Federal prosecutors have revoked plea offers made during discussions with a federal public defender representing AdSurfDaily mainstay “Professor” Patrick Moriarty.
Moriarty has hired a new attorney, and prosecutors have advised the attorney that they have “voluminous” evidence, including seven 4-inch binders of records.
Part of the evidence came from records at an unspecified casino, according to court records.
“Please be advised that any plea offers previously made with the defendant’s former counsel are revoked,” said Rosemary Casey Meyers, the prosecutor handing the case, in a letter to Moriarty’s new attorney.

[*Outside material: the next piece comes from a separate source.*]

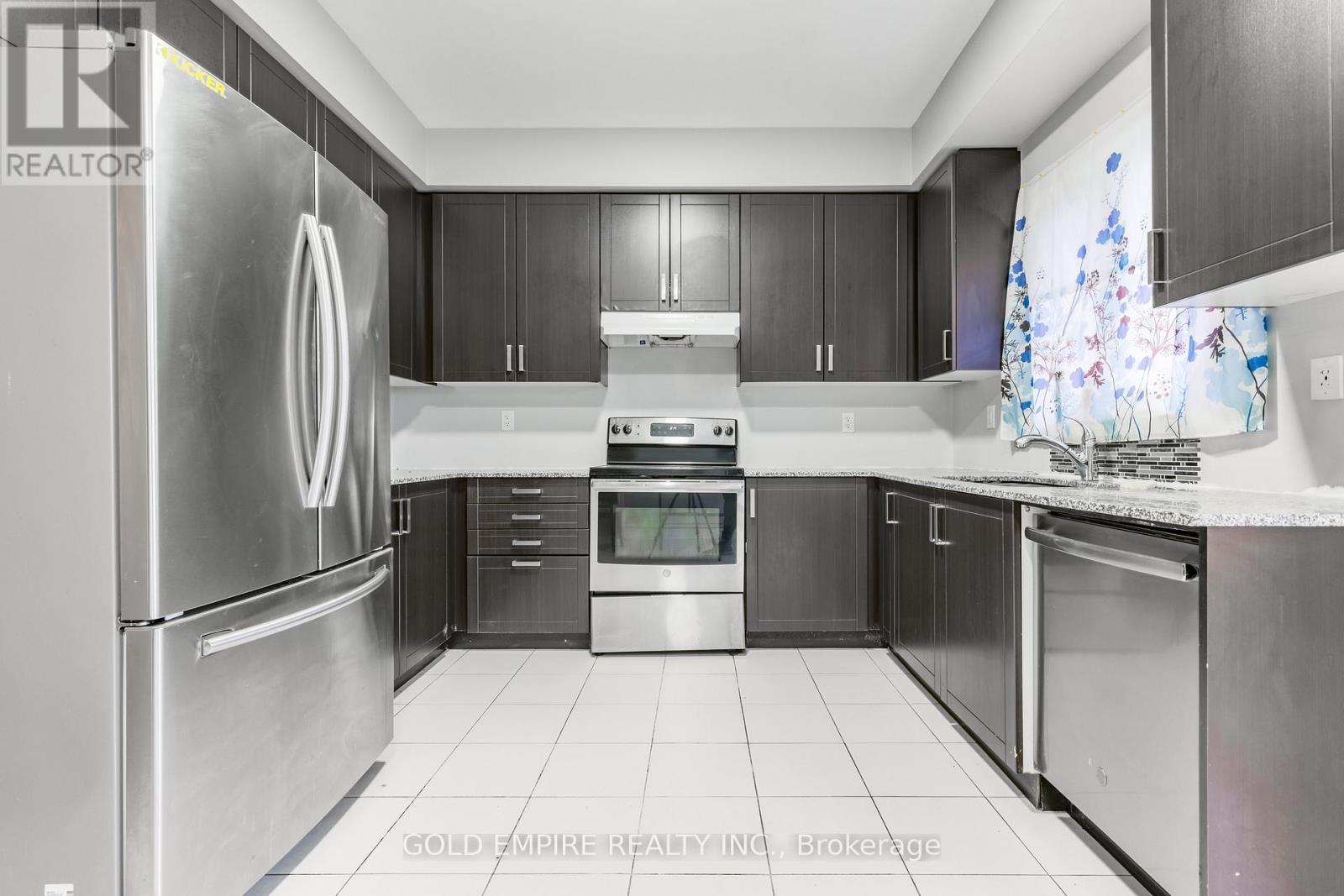 7511 Marpin Court, Niagara Falls, Ontario  L2H 0P3 - Photo 11 - X12838280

Meyers is an assistant U.S. Attorney for the Eastern District of Missouri, where a tax indictment against Moriarty was returned in March by a federal grand jury. The letter means that any offer the government might have made earlier in the case is off the table.

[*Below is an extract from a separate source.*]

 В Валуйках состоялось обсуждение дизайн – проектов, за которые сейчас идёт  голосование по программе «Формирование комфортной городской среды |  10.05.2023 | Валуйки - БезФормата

Other evidence, according to court filings, includes IRS records, bank records, Social Security records, business records and verbal statements by Moriarty. Some 4-inch binders hold 780 sheets of paper.
Citing his client’s poor health, Moriarty’s new attorney, Lenny Kagan, now has asked for a continuance. The government did not object. Moriarty is scheduled to have cancer surgery this month. The trial had been slotted for next month.
The prosecution agreed to let Moriarty know if it intended to introduce evidence of other crimes prior to trial, without disclosing if Moriarty was being investigated for other matters unrelated to the tax indictment handed down in March.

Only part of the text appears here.